Web page caption snippets
****************
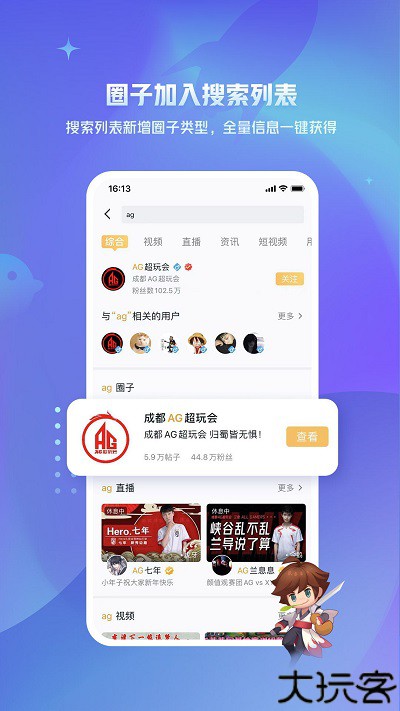 王者营地
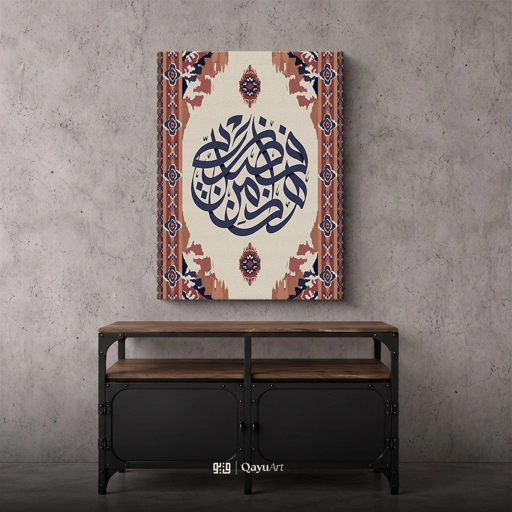 Kaligrafi Hadza Min Fadhli Rabbi Ethnic P34.01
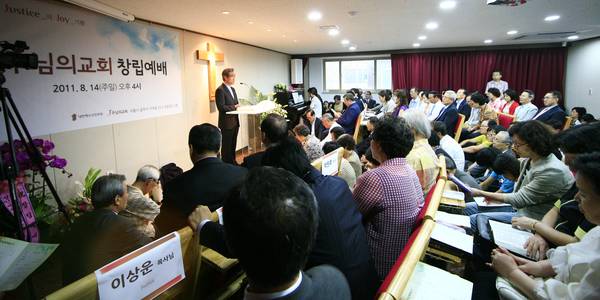 교회 역사기록사진
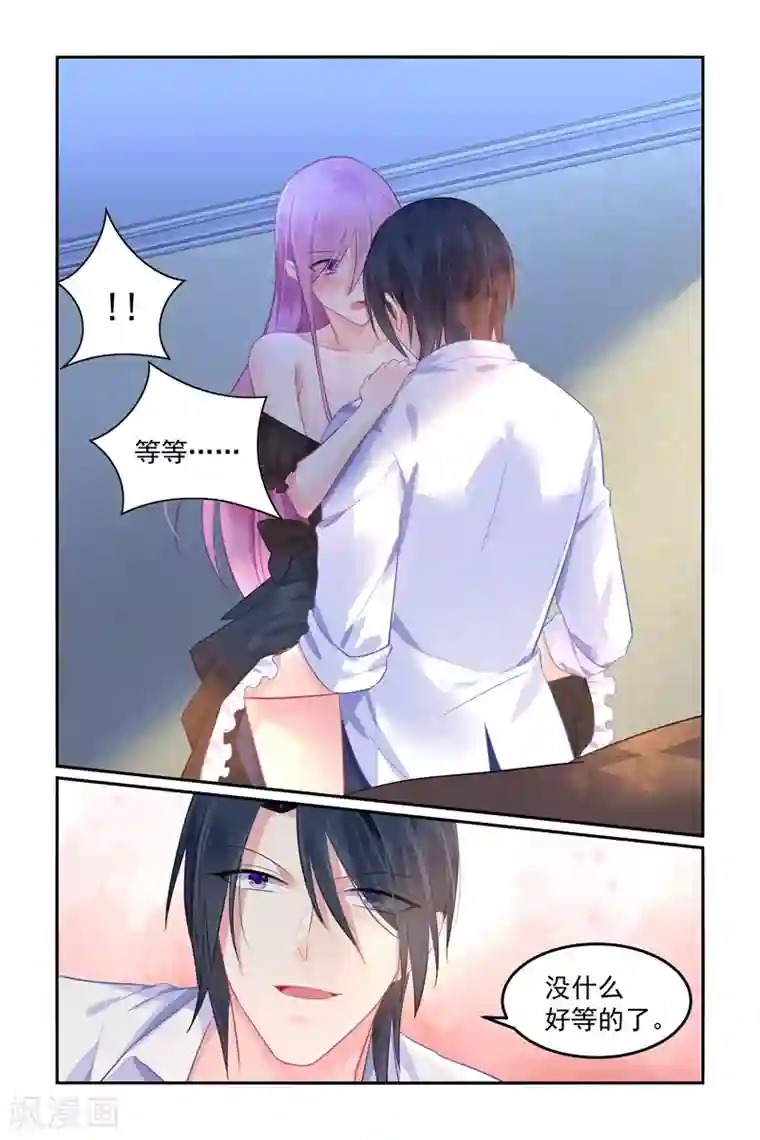 极品辣妈好V5第103话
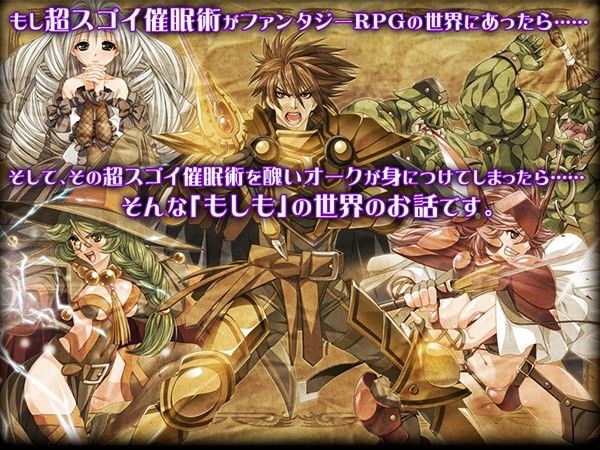 醜いオークが、超スゴイ催●術を身につけちゃいました！ サンプル1ページ目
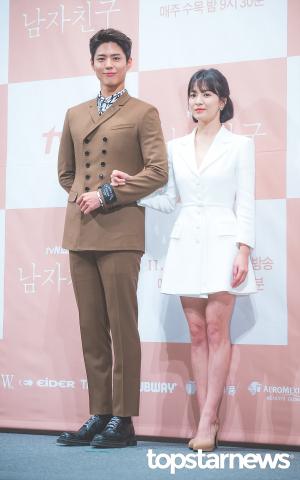 [HD포토] 박보검-송혜교, ‘안구정화 시켜주는 커플’ (남자친구)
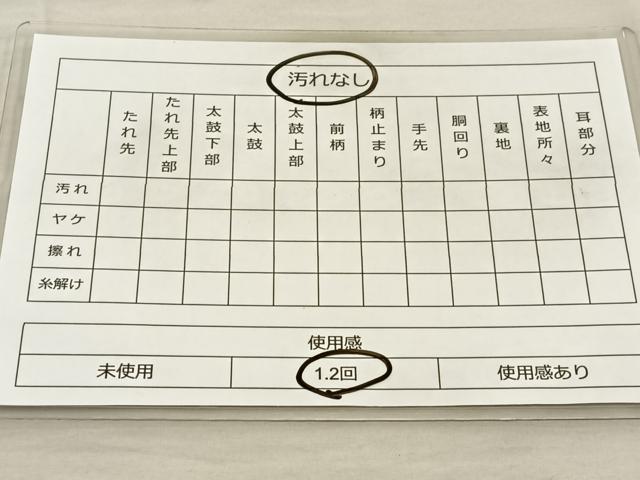 平和屋着物◎六通柄袋帯 唐織 群鶴 金糸 正絹 逸品 BAAT5673xa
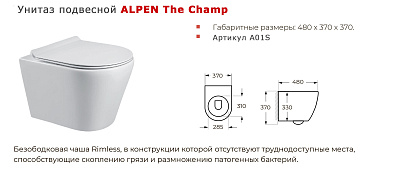 Унитаз подвесной ALPEN The Champ A01S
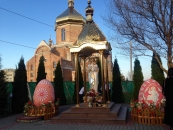 Благословення пасхальних кошиків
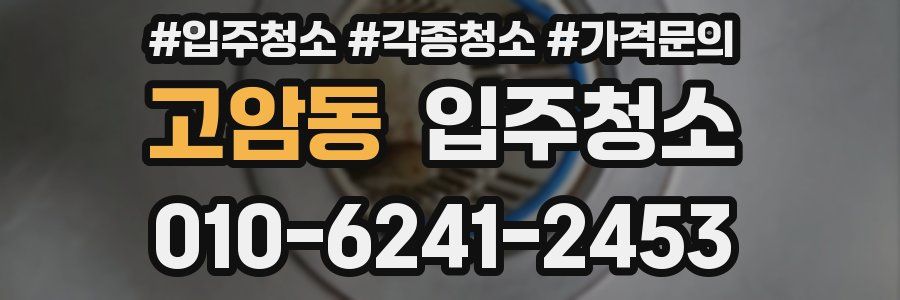 고암동 이사청소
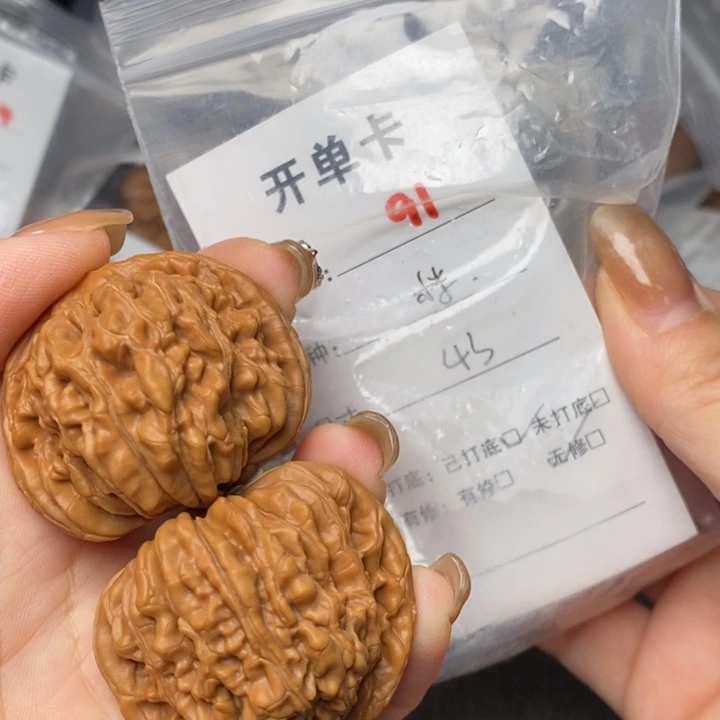 文玩核桃把件91后哈哈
****************
#### Problem to work on
Please give all of the data again, exact and free of pictures.

#### The completed task
 王者营地
 Kaligrafi Hadza Min Fadhli Rabbi Ethnic P34.01
 교회 역사기록사진
 极品辣妈好V5第103话
 醜いオークが、超スゴイ催●術を身につけちゃいました！ サンプル1ページ目
 [HD포토] 박보검-송혜교, ‘안구정화 시켜주는 커플’ (남자친구)
 平和屋着物◎六通柄袋帯 唐織 群鶴 金糸 正絹 逸品 BAAT5673xa
 Унитаз подвесной ALPEN The Champ A01S
 Благословення пасхальних кошиків
 고암동 이사청소
 文玩核桃把件91后哈哈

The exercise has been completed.